Fix Operation not permitted for SYS_ADMIN in Docker containers

Overview
Quickstart: fix the common mount failure
Minimal working example (Dockerfile + run)
Common fixes by operation
Diagnose systematically (least-to-most invasive)
Kubernetes equivalents
Pitfalls
Performance notes
Tiny FAQ

Overview

Docker isolates processes with namespaces, capabilities, seccomp, and LSMs (AppArmor/SELinux). Privileged operations (mount, loop devices, iptables, FUSE, eBPF) often fail with: Operation not permitted. This guide shows practical fixes using the least privilege necessary.

Key causes:

Missing capabilities (e.g., CAP_SYS_ADMIN, CAP_NET_ADMIN)
Seccomp profile blocks syscalls (e.g., mount)
AppArmor/SELinux confinement
Rootless mode or user namespaces
Missing device nodes (/dev/fuse, /dev/net/tun, /dev/loop*)
Read-only filesystem, locked sysctls, cgroup restrictions

Quickstart: fix the common mount failure

When a container tries to mount, it typically needs CAP_SYS_ADMIN plus an unconfined seccomp profile, and may need AppArmor unconfined on some hosts.

Reproduce the failure:

# Fails with Operation not permitted
docker run --rm alpine sh -c 'mkdir -p /mnt && mount -t tmpfs tmpfs /mnt'

Minimal fix with least privilege:

# Add CAP_SYS_ADMIN and disable seccomp filtering for mount
# AppArmor unconfined is needed on many Ubuntu hosts
docker run --rm \
  --cap-add SYS_ADMIN \
  --security-opt seccomp=unconfined \
  --security-opt apparmor=unconfined \
  alpine sh -c 'mkdir -p /mnt && mount -t tmpfs tmpfs /mnt && mount | grep /mnt && umount /mnt'

If you must, use the sledgehammer:

# Broadest access; prefer targeted caps
docker run --rm --privileged alpine sh -c 'mount -t tmpfs tmpfs /mnt && umount /mnt'

Minimal working example (Dockerfile + run)

# Dockerfile
FROM alpine:3.20
RUN mkdir -p /mnt
CMD ["sh", "-c", "mount -t tmpfs tmpfs /mnt && echo 'mounted' && umount /mnt"]

Build and run:

docker build -t mount-test .
# Likely fails without privileges
docker run --rm mount-test
# Works with targeted privileges
docker run --rm \
  --cap-add SYS_ADMIN \
  --security-opt seccomp=unconfined \
  --security-opt apparmor=unconfined \
  mount-test

Common fixes by operation

Mount (tmpfs, bind, overlay):
- --cap-add SYS_ADMIN
- --security-opt seccomp=unconfined
- --security-opt apparmor=unconfined (host dependent)
FUSE (rclone, sshfs):
- --device /dev/fuse
- --cap-add SYS_ADMIN (often required for mount)
- seccomp=unconfined; apparmor=unconfined if needed
iptables, tc, routes:
- --cap-add NET_ADMIN --cap-add NET_RAW
- For sysctls: --sysctl net.ipv4.ip_forward=1 (host must allow)
Loop devices, mkfs:
- --cap-add SYS_ADMIN --cap-add MKNOD
- --device /dev/loop-control --device /dev/loop0 --device /dev/loop1 ...
ptrace, debuggers (gdb, strace):
- --cap-add SYS_PTRACE
- --security-opt seccomp=unconfined for broader ptrace
eBPF or perf:
- Often requires --privileged or a tuned seccomp profile plus CAP_BPF/CAP_SYS_ADMIN depending on kernel

Diagnose systematically (least-to-most invasive)

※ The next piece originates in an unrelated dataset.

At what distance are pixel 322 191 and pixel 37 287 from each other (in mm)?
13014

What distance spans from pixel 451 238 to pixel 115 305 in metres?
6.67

Check Docker mode and isolation:

docker info | grep -i rootless
If Rootless: some privileged ops (mounting block devices, creating device nodes) will never work. Consider rootful Docker.

Verify the attempted operation and syscall:

Look at the exact command failing and error. For mount, assume CAP_SYS_ADMIN + seccomp unconfined.
Optional: strace the command in a test container to confirm the blocked syscall.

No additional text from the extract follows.